Agents — Field Note
Why Agent Demos Break in Production
Agent demos are optimized for spectacle. Production agents need memory boundaries, verifiable action, recovery paths, and a clear theory of when not to act.
May 02, 2025·8 min·Field Notes
The demo version of an agent is a magic trick: clean context, friendly tools, no legacy mess, and a user who knows exactly what to ask. Production is different. Production is a thousand small exceptions wearing a familiar interface.
Agents break when they are allowed to act without understanding the shape of responsibility around the action. Sending an email is not hard. Knowing whether this email should be sent, what prior conversation it depends on, what promise it implies, and how to recover if the premise is wrong is the real system.
A reliable agent needs at least four layers. It needs memory that distinguishes durable facts from temporary notes. It needs tools with explicit permissions and typed failure modes. It needs guardrails that are not just refusal policies but operational constraints. And it needs feedback loops from the real world so it can notice when its model of the work is drifting.

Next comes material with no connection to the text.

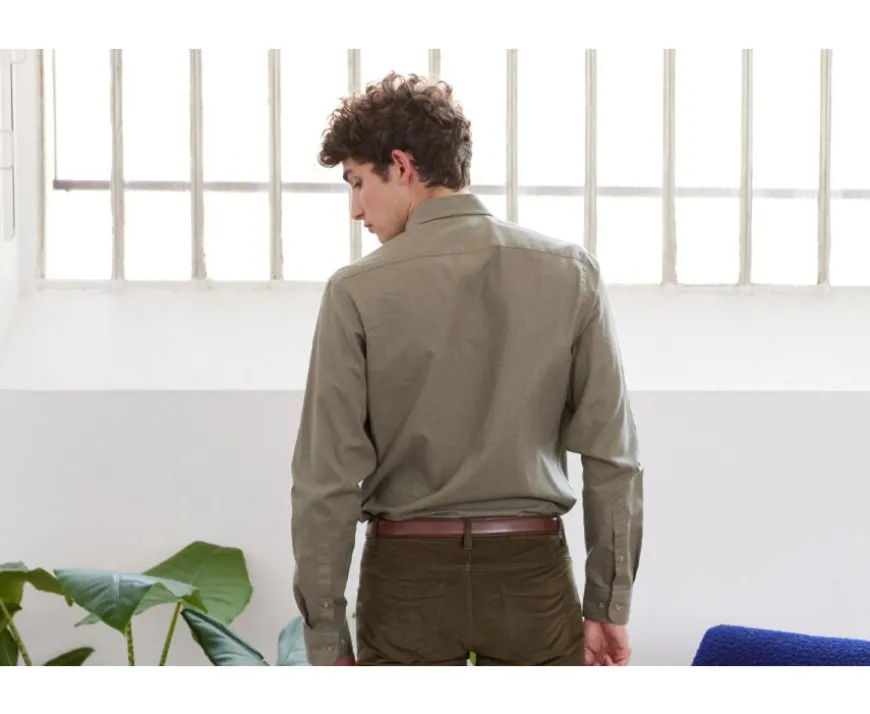 Camisa de franela Alexander Verde - Bolsillo en el pecho Alexander-Bexley Clearance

The most important design choice is often restraint. A useful agent should know when to draft instead of send, ask instead of infer, summarize instead of decide, and stop instead of continuing a flawed chain of action. Autonomy without calibrated hesitation is just a faster way to create cleanup work.
This is why provenance matters. People need to inspect the path from evidence to recommendation to action. They need to see which source was used, which assumption was made, and which human decision closed the loop. Without that, trust becomes a mood instead of a property of the system.
I am interested in agents that make production work feel calmer: systems that remember what matters, act when it matters, and can prove why it mattered afterwards.